Evaluating the DMP bound with the merged 2-state model

user@host:~$cd ~/ContMM_RT_BoundDMP/eval/Bound
user@host:~/ContMM_RT_BoundDMP/eval/Bound$python3 DMPAccum8StateMerged.py

This runs the accumulation process for the DMP bound, using a merged 2-state model in ContMM_RT_BoundDMP/data/models/cont/ The resulting files are saved to ContMM_RT_BoundDMP/data/dmp_bound/pzwl_dmp_control_merged_bound_XXXX.csv. Computation times for bounds are saved to ContMM_RT_BoundDMP/data/pzwl_dmp_control_merged_5time.csv and ContMM_RT_BoundDMP/data/pzwl_dmp_control_merged_10time.csv.

PROSIT

user@host:~$cp ContMM_RT_BoundDMP/eval/PROSIT/Makefile prositool
user@host:~$cd prositool
user@host:~/prositool$make
user@host~/prositool$cd ~
user@host:~$cp prositool/cli_solver ContMM_RT_BoundDMP/eval/PROSIT/
user@host:~$cd ContMM_RT_BoundDMP/eval/PROSIT/
user@host:~/cd ContMM_RT_BoundDMP/eval/PROSIT$./run_cli_solver.sh

Runs the CLI solver from PROSITool with the model in ContMM_RT_BoundDMP/data/models/discr. The results are saved to ContMM_RT_BoundDMP/data/prosit/.

Generating fig 19

user@host:~$cd ~/ContMM_RT_BoundDMP/fig
user@host:~/ContMM_RT_BoundDMP/fig$python3 genEvalFig.py

Fig. 19 is reproduced in eval_fig.png (and .eps) from files in ContMM_RT_BoundDMP/data.

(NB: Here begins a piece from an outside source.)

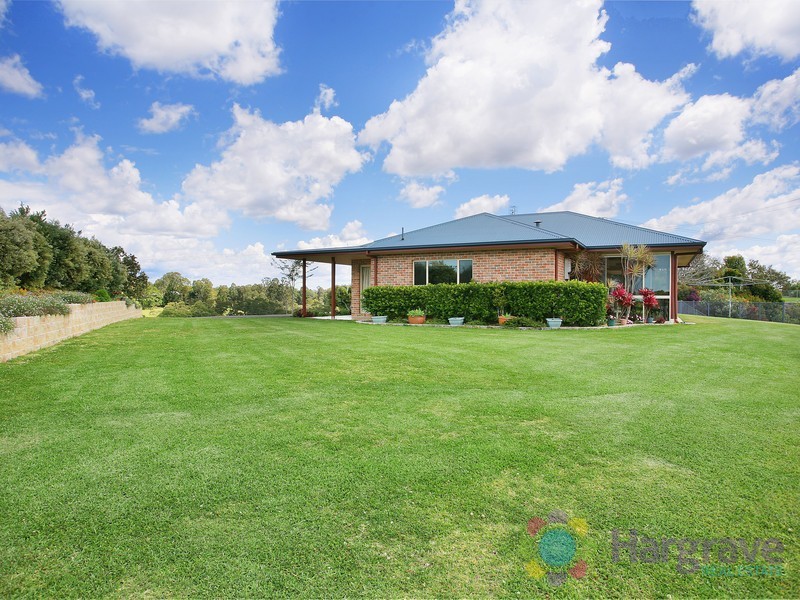 49 Lake Ridge Court, Lake Macdonald QLD 4563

Table 4 contains times stored when calculating the bounds. The first table row is taken from the last rows of ContMM_RT_BoundDMP/data/pzwl_dmp_control_merged_5time.csv. The second table row is taken from the last rows of pzwl_dmp_control_merged_10time.csv, the third from pzwl_dmp_control_5time.csv and the last row from pzwl_dmp_control_10time.csv.

How to run the Furuta pendulum control tests on a Raspberry pi

Installation

The evaluation has been performed on a Raspberry Pi Model 3B+, with a kernel patched with PREEMPT_RT fetched from https://github.com/kdoren/linux/releases/ The used kernel is the 32-bit kernel 5.15.65-rt49-v7l+

Clone the repository. Build the programs in test_program/controller and test_program/simulator

Running the test program

Traces are obtained by running test_program/runSimulatorControllerTrace.sh

Tests are run with the various test_program/runSimulatorControllerBW_XX.sh files.